No vamos a volver a hablar largamente de la analogía constitutiva del «macrocosmo» y del «microcosmo», sobre la que ya hemos explicado suficientemente en el curso de otros estudios; lo que es menester retener aquí sobre todo, es que un ser tal como el hombre, en tanto que «microcosmo», debe necesariamente participar de los «tres mundos» y tener en él elementos que se le corresponden respectivamente; y, en efecto, la misma división general ternaria le es igualmente aplicable: pertenece por el espíritu al dominio de la manifestación informal, por el alma al dominio de la manifestación sutil, y por el cuerpo al dominio de la manifestación grosera; tendremos que volver sobre esto un poco más adelante con algunos desarrollos, ya que se trata de una ocasión de mostrar de una manera más precisa las relaciones de diferentes ternarios que están entre los más importantes que se pueda tener que considerar. Por lo demás, es el hombre, y por ello es menester entender sobre todo el «hombre verdadero» o plenamente realizado, el que, más que todo otro ser, es verdaderamente el «microcosmo», y eso también en razón de su situación «central», que hace de él como una imagen o más bien como una «suma» (en el sentido latino de esta palabra) de todo el conjunto de la manifestación, puesto que su naturaleza, como lo decíamos precedentemente, sintetiza en sí misma la naturaleza de todos los demás seres, de suerte que no puede encontrarse nada en la manifestación que no tenga en el hombre su representación y su correspondencia. Esto no es una simple manera de hablar más o menos «metafórica», como los modernos se sienten inclinados a creerlo tan gustosamente, sino más bien la expresión de una verdad rigurosa, sobre la que se funda una notable parte de las ciencias tradicionales; en eso reside concretamente la explicación de las correlaciones que existen, de la manera más «positiva», entre las modificaciones del orden humano y las del orden cósmico, y sobre las que la tradición extremo oriental insiste quizás más todavía que cualquier otra para sacar de ellas prácticamente todas las aplicaciones que conllevan.
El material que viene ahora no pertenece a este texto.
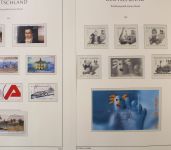 Deutschland (BRD) 2002-2013, gestempelte Sammlung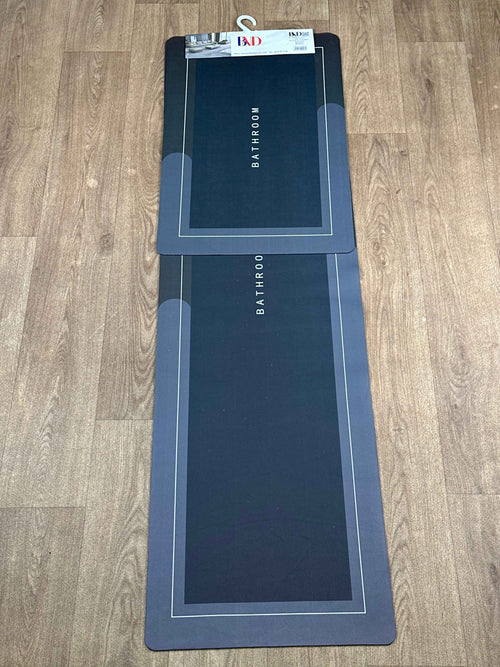 Tapis 2 piéce (150*43)+(70*43)  📢Big Promoo!!📢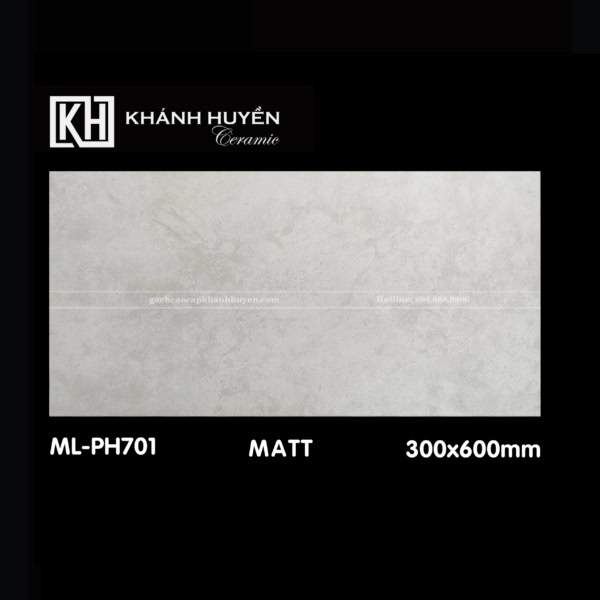 Gạch ốp lát 300x600 ML-PH701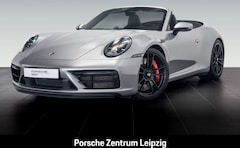 Bild des Angebotes Porsche 992 911 Carrera GTS Cabrio Lift Bose Matrix Spur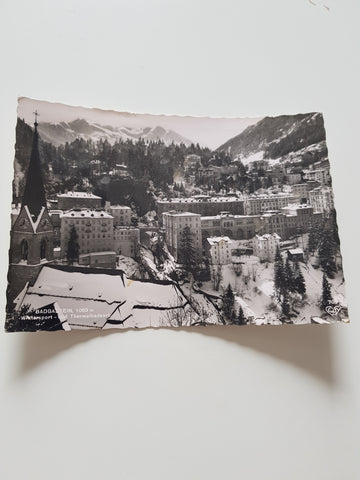 AK Badgastein.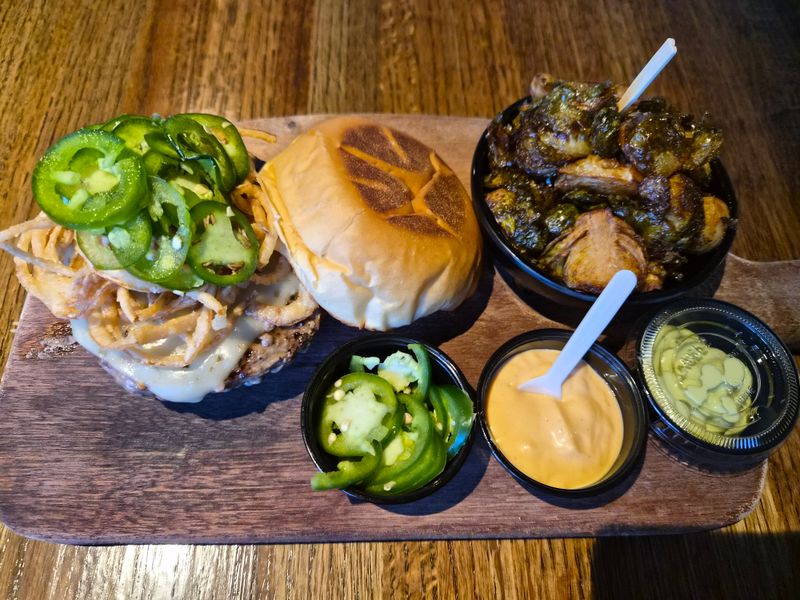 Bang Bang Burgers, Charlotte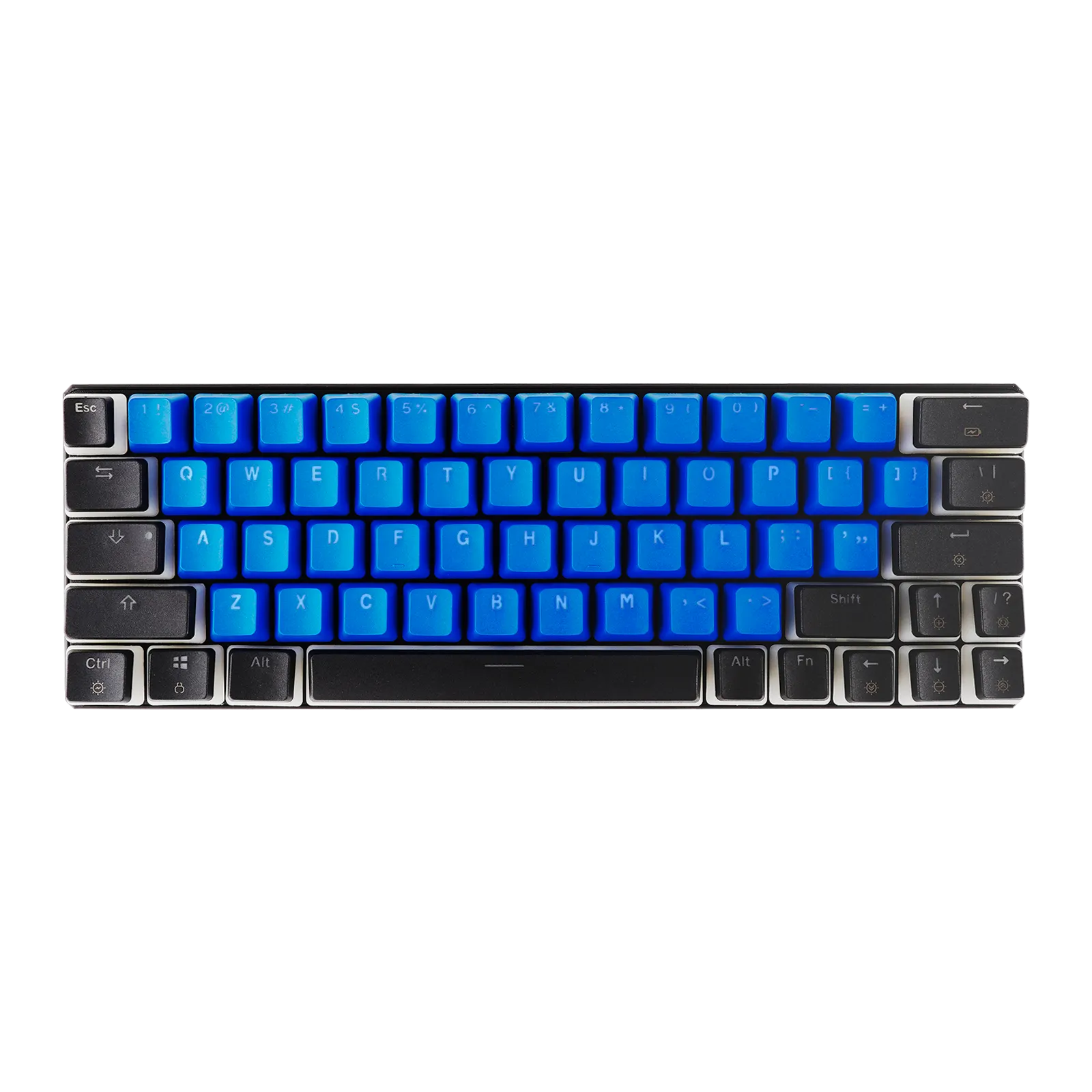 Deep Lake TK63 - Custom 60% Keyboard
Por otra parte, hemos hecho alusión a una relación más particular del hombre con el «mundo intermediario», que es lo que se podría llamar una relación de «función»: colocado entre el Cielo y la Tierra, no solo en el sentido principial que tienen en la Gran Tríada, sino también en el sentido más especializado que tienen en el Tribhuvana, es decir, entre el mundo espiritual y el mundo corporal, y participando a la vez del uno y del otro por su constitución, el hombre tiene por eso mismo, al respecto del conjunto del Cosmos, un papel intermediario comparable al que tiene en el ser vivo el alma entre el espíritu y el cuerpo. Ahora bien, lo que hay que precisar particularmente a este respecto, es que, precisamente, es en el dominio intermediario cuyo conjunto se designa como alma, o también como la «forma sutil», donde se encuentra comprendido el elemento que es propiamente característico de la individualidad humana como tal, y que es la «mente» (manas), de suerte que, se podría decir, este elemento específicamente humano se sitúa en el hombre como el hombre mismo se sitúa en el Cosmos.

Desde entonces es fácil comprender que la función en relación a la cual se establece la correspondencia del hombre con el término medio del Tribhuvana, o con el alma que le representa en el ser vivo, es propiamente una función de «mediación»: el principio anímico ha sido calificado frecuentemente de «mediador» entre el espíritu y el cuerpo1; y, de igual modo, el hombre tiene verdaderamente un papel de «mediador» entre el Cielo y la Tierra, así como lo explicaremos más ampliamente después. Es en eso solo, y no en tanto que el hombre es el «Hijo del Cielo y de la Tierra», como puede establecerse una correspondencia término a término entre la Gran Tríada y el Tribhuvana, sin que esta correspondencia implique de ninguna manera una identificación de los términos de la una a los del otro; éste es el punto de vista que hemos llamado «estático», para distinguirle del que se podría decir «genético»2, es decir, del que concierne al orden de producción de los términos, y para el que una tal concordancia no es ya posible, como se verá mejor todavía por las consideraciones siguientes.